In Buzzanco's account, the military leaders, so concerned about the place of their own services in the public's eye, often come off as far more narrow and selfish than the political leaders they (and Buzzanco) often condemned. In an unusual twist, these self-aggrandizing military leaders turn into the very caricatures Buzzanco's deep research has made into living, breathing, thinking, and thoughtful policy makers. The civilian policy makers were often, even mostly, wrong. But in this account they at least acted in a way that was true to their public obligations, as they saw them. They were not primarily interested in self-preservation or the enhancement of their offices. In Buzzanco's last chapters and his epilogue, which deals with the way in which the military applied the lessons of Vietnam from 1975 until 1994, the military by contrast appear to be exactly that sort of shameless, although successful, self-promoters.
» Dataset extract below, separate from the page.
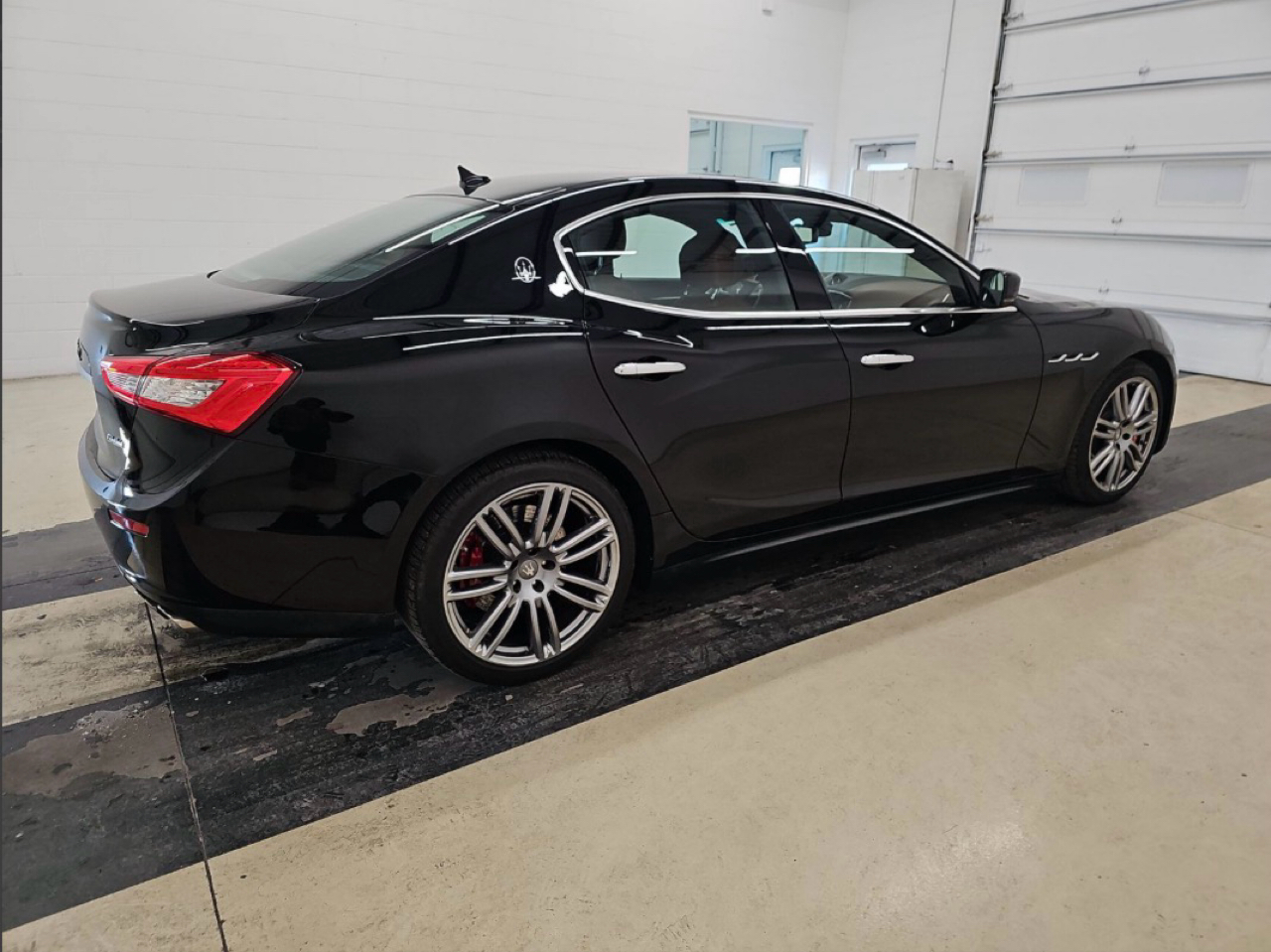 Maserati Ghibli 4dr Sdn S Q4 2016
A second problem is that in conception (but not in most of its execution), this is a radically present-minded work. There is nothing wrong with writing out of current concerns. It gives immediacy to what we say, and an emotional commitment to a subject can sustain us when the work drags. But customarily nothing fades more quickly than current events. Buzzanco's last chapters are informed by deep concerns about U.S. Central American policy in the 1980s, the Gulf War of 1991, and the Clinton administration's foreign policy problems in 1993 and 1994. These issues have now slipped from consciousness, and their connections to the study of the Vietnam war are not as apparent now as they were when Buzzanco did his research and wrote his book. While it is true that both military and political leaders spoke as if their actions during the conflict with Iraq in 1990-1991 came from lessons learned during the Vietnam war, their behavior belied those statements. It is hard to conceive of more different circumstances than the decades-long revolution in Vietnam and Iraq's grab for Kuwait's oil.
The body of Masters of War, in which Buzzanco carefully presents the military's political role in the war, will be an enduring masterpiece. His comments on current events, however, will probably not hold up as well.